Do you know of anyone else blogging on this gathering, or do you plan to give updates? I would LOVE to hear what's being discussed and feel like this is a necessary meeting indeed...

Adoc2be

My parents are heavily involved in their own Methodist church in a rural community. The church's role call is growing for them.

I find having dynamic leaders and speakers is what calls those of us who have fallen to the wayside. Not that I believe my opinion on your blog comment will matter, but here goes:

When I was making in excess of $200k a year, the church people seemed welcoming and loved having me in the Sunday services. I was always asked my latest travels, who I'd helped, if I was headed back to med school yet.

The pastor was amazing at getting his flock to church every week because 1) we loved his stories and 2) those same stories made us go home and rethink our lives and our purpose. He was also very instrumental in helping close the gap between the married couples raising kids, and those of us who were single parents. Overall, our community was wealthy.

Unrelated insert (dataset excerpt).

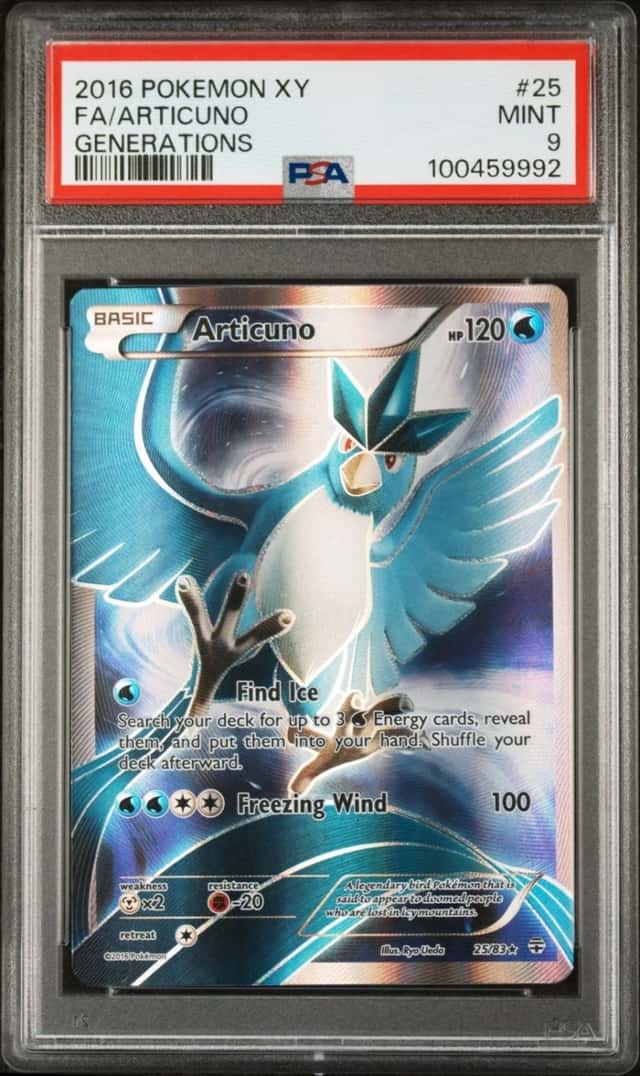 2016 Pokemon Generations Articuno Full Art FA Holo #25/83 PSA 9 MINT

In 2007, I told my then employer, a global publicly held company to restate their financials to the SEC as I thought the threshhold for variance had been exceeded for far too many quarters. Including the fraud investigation being done internally by a controller in another country that was being hidden from me (I was VP of internal audit), and some other issues that were waving red flags, I met with my own advisors and deemed it time for restate.

I was fired. My $200k+ job went the way of the dodo bird. And the church people... well, they didn't care so much anymore about whether I came or not... they just wanted to know if I was going to contribute to their retirement home fundraising goals.

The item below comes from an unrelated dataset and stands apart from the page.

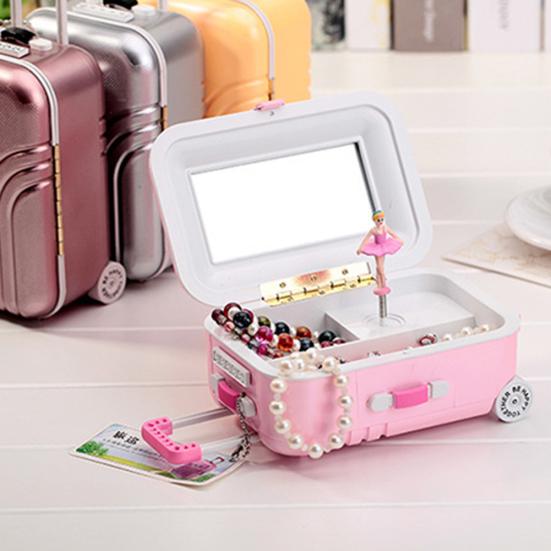 Чемодан, дизайнерский чехол для хранения музыкальной шкатулки с заводным механизмом, подарок на день рождения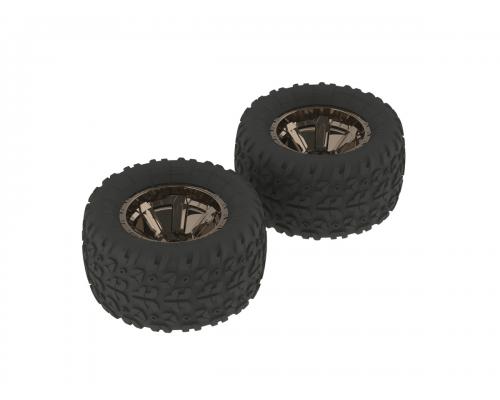AR550004 Copperhead MT Tire Wheel GLU Black Chrome (2) (ARAC9610)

I was not. I was dearly trying to save my home in the deepest recession since the Great Depression with a "name" that was now mud.

Not once did any one person reach out from that church, or any other, to see what they could do to help, or just to listen.

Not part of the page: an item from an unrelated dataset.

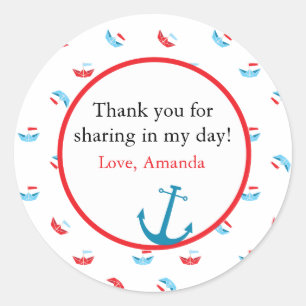 Thème du bateau Favoriser Sticker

Not once did the pastor of that church call to see how I was holding up, if only to lend an ear.

When I turned over the keys to my house in early May, some of the church people showed up at my moving sale to see "what I was going to do with the house" and asked worse/more intrusive questions.

From the pulpit you (lay leaders, pastors, and bishops) can espouse the Bible but you have to instill dignity, goodwill, and hope in your people.

We have gone from a country where we care about our neighbors to a country where we only care about them as long as they are beneath us on the totem pole.

Ironically, as my financial life unwound akin to Hurricane Katrina, I have not changed. Those who knew me before the mess said I'm the same person. I thank God (truly) that HE gave me the dignity to withstand the dishonorable things said and done to me... up to and including my boss who fired me saying, "I've been praying about this situation."

Instill goodwill in your flock. Make sure the people they are on the street are the ones YOU see in your congregation on Sunday mornings. Make sure THEY are reaching out to those in need NOT because they have to, but because they want to.

Instill dignity in your congregation. Make sure the people understand what that dignity is as many have lost their focus on how to behave.

I believe both of those, if seen in others will lead those of us who have left, to come back.

It is not that I don't believe. I don't believe in the people who enjoyed watching my life unwind and have no desire to return to them (or the church).

My best to you and your family at this really hard time. Ava remains in my thoughts, your family in my prayers.

Matt J.

Adoc2be, I'm sorry. I very suddenly came to a realization this week that I'm leading my church in a way that fosters similar attitudes and repentantly pray that your experience will not happen where I am. I hope you don't mind if I share your story as I seek to lead us.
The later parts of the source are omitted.